Though quite far from the Bollywood dream sequence my former colleague would have made of Barbados, some centuries ago, the island was indeed seen as a fun spot by sailors. Due to the trade winds from Europe to the Caribbean, ships would often anchor in Barbados as it would be the first landfall for them. The sailors, looking for a local brew, found and liked very much the rum produced there (read Mount Gay). It is because of this initial patronage by sailors that Mount Gay rum today sponsors a large number of sailing competitions worldwide.
How the rum got its name is also an interesting story. There were two friends, Sir John Gay Alleyne, the first Baronet of Four Hill, and John Sober, who inherited the Mount Gilboa Plantation/Distilleries from his father in 1747. Gay, on his friend’s request, became the manager of the company. He took the business to such heights that his friend, the owner, renamed the brand after him when he passed away in 1801. According to historians, Sir John Gay Alleyne was a popular leader among the planter elite and was a formidable voice against slavery — but that is another story. In the 20th Century, the ownership went to one Ward family, whose agricultural holdings are said to have the best quality sugarcane on the island (According to Wiki).
Wanting to know more about Mount Gay, I contact the brand’s mixologist Chesterfield Browne. More interested in the drink as a base for cocktails, I ask him what extra the rum can add to a blended drink. “Mount Gay rum brings taste as well as character to cocktails. As the world’s oldest rum that has survived three centuries, it brings into a drink a lot of character by itself. It also brings more depth to cocktails, since we use a combination of two types of handcrafted distillates (single and double distillate),” says Browne in an email response.
Is the character of a brand enough to make it so popular? “Clients around the world look for authenticity and quality, no matter the industry — be it clothes, food or drink. Because of its experience in handcrafted rum making, Mount Gay has been able to provide an authentic character and taste,” he says. Though the United States is its largest consumer base, it has now entered India, also an important rum market. We also have our own rum. States Browne, “India is known for appreciating handcrafted work, so we are confident that our rum can strike a chord with Indian consumers despite a strong homegrown competition.”

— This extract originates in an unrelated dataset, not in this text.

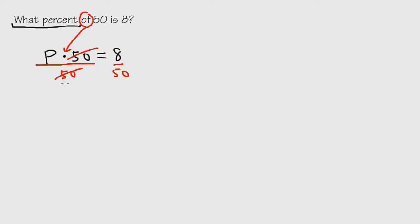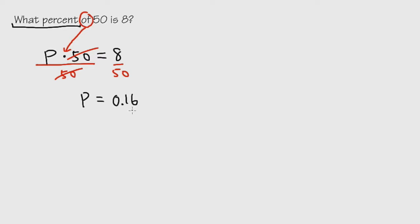P will be by itself after we divide both sides by 50. Then we see P is equal to 8 over 50. And once again, if you would like, you can just use a calculator. We can do it by hand, up to you. But anyways, 8 divided by 50 is 0.16.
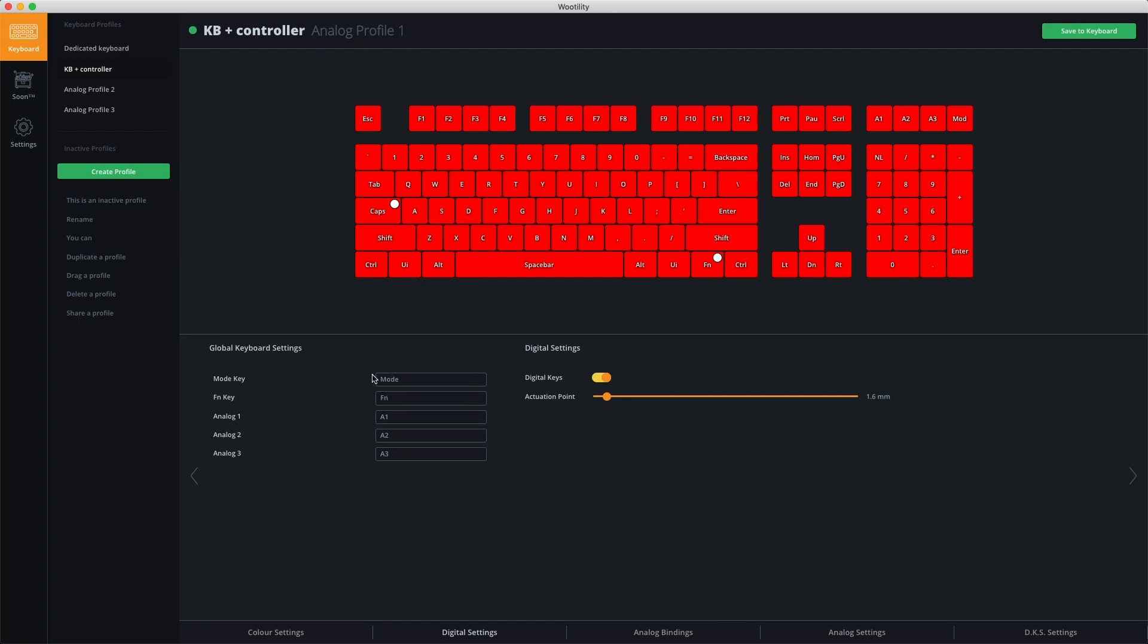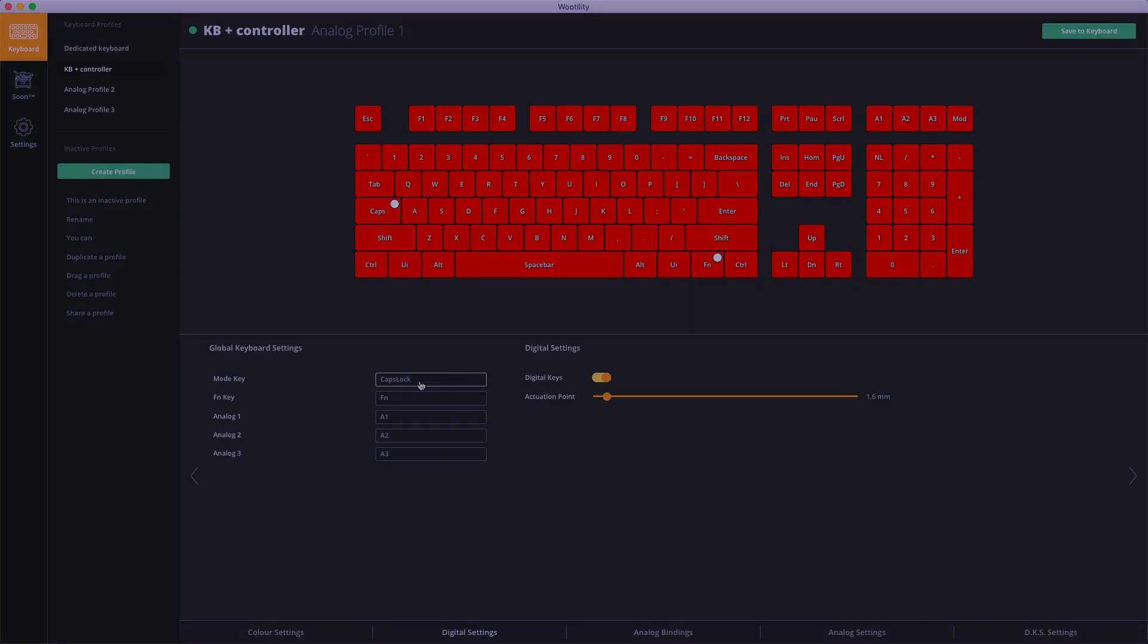You can change the position of the mode key, which helps you quickly switch between the last used analog profile and your digital profile, the function key, and your free analog profile keys. This can be convenient if you'd like faster access to the mode key, one of your analog profiles, or the function key by, for example, setting the mode key on Caps Lock.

Browne also shares some popular cocktails that can be rolled out with Mount Gay. One such brew is Black Vanilla. Add two-and-a-half ounces of Mount Gay Extra Old, 1/4 oz of vanilla syrup, a dash of aromatic bitters into a shaker. Shake them well with few dollops of ice before straining the brew into a Martini glass. The garnish is half of a nutmeg dropped into the drink to rest at the bottom.
Yet another Mount Gay-based cocktail is Barbados Yacht Club. In a cocktail shaker, pour 2 oz. of Mount Gay Extra Old variety, 3/4 oz of fresh lime juice, 1/4 oz of Cointreau and 1/4 oz of Velvet Falernum (a ginger-and-clove-based alcoholic sweet syrup used in Caribbean drinks). Shake all the ingredients well with crushed ice and strain the liquid into an old fashioned glass half filled with ice cubes. Garnish it by half dipping two thinly sliced rounds of a lime.
And what else…play “Pon de Replay” by Barbadian hottie Rihanna and enjoy!